Walter Lewino: “The Work of Ipoustéguy”
The man is stocky. The first thing that strikes you is the size and shape of his biceps, and his flat stomach. His hands are short, with short nails. They knead clay studded with lumps, extracting thick pancakes and stretching them into endless coils. The strands and pancakes assemble, clinging to the side of a man-sized construction made of pink cement blocks, roughly embedded and open on all sides. Cavities appear. The center is hollow. Objects, toys, old medals—sometimes embedded, sometimes molded into the cement—modulate (the word is fashionable) the passageways and exteriors. It is autumn 1964, in Choisy-le-Roi; Ipoustéguy is working on his Discours sous Mistra.

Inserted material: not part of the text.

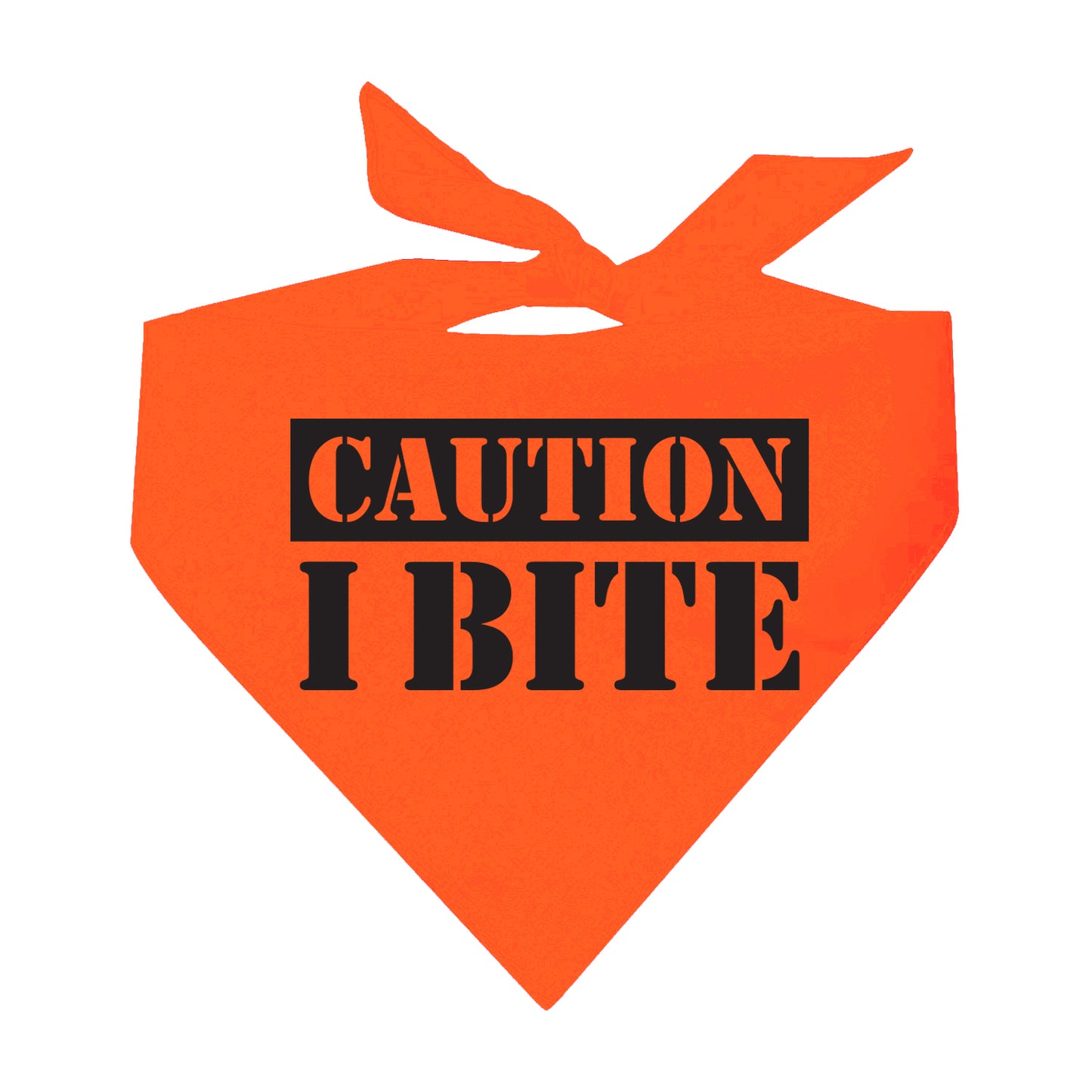 Caution I Bite Neon Triangle Dog Bandana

His first truly accomplished and career-spanning sculpture, La Rose (The Rose), dates from 1954. It is the foundation stone of a complex body of work—a body of work with multiple, intertwined aspirations which, conceived on several levels both in time and in intent, diversifies tirelessly. But it is a constant, stubborn work that advances unwaveringly towards an absolute that, fortunately, is always challenged by the artist himself. He explains:
“Picasso stalks the world, arranging it (or disturbing it) according to a process that is above all visual. That’s why there’s no discernible thread running through his work; this primacy of sight leaves him at the mercy of his encounters and appearances. He told Brassaï: ‘It seems strange to me that people have come to make marble statues… I understand that you can see something in a tree root, a wall crack, a corroded stone, a pebble… but marble? It stands out like a block, offering no image. How could Michelangelo see his David in a block of marble? Why didn’t it occur to Picasso that Michelangelo himself was his David, trapped in the block of marble from which he had to free himself? At the opposite end of the spectrum from Picasso, I see Giacometti. Of him, I’d say he is a “core reducer,” as he strives for an ever stronger and more essential concentration of his purpose.
“Me, starting from a formal obsession (I think it is the egg, or the uterus, or the fist), I develop it and I’d like it to clump together, to annex the surrounding world—people and things and landscape—from one to the next. This can give rise to my tactile works as well as Discours sous Mistra or Alexandre devant Ecbatane (which are attempts at landscape sculpture). For me, the plastic form is simply the result of my intimate ‘motives for being.’ Usually, the first idea, the source idea of the work in my hands, goes back several years. So now, among other things, I’m thinking mainly about an important piece I’m going to make later. Not my next sculpture. The one after, maybe. I’ve had it in mind for a while. I’ve done a lot of drawings.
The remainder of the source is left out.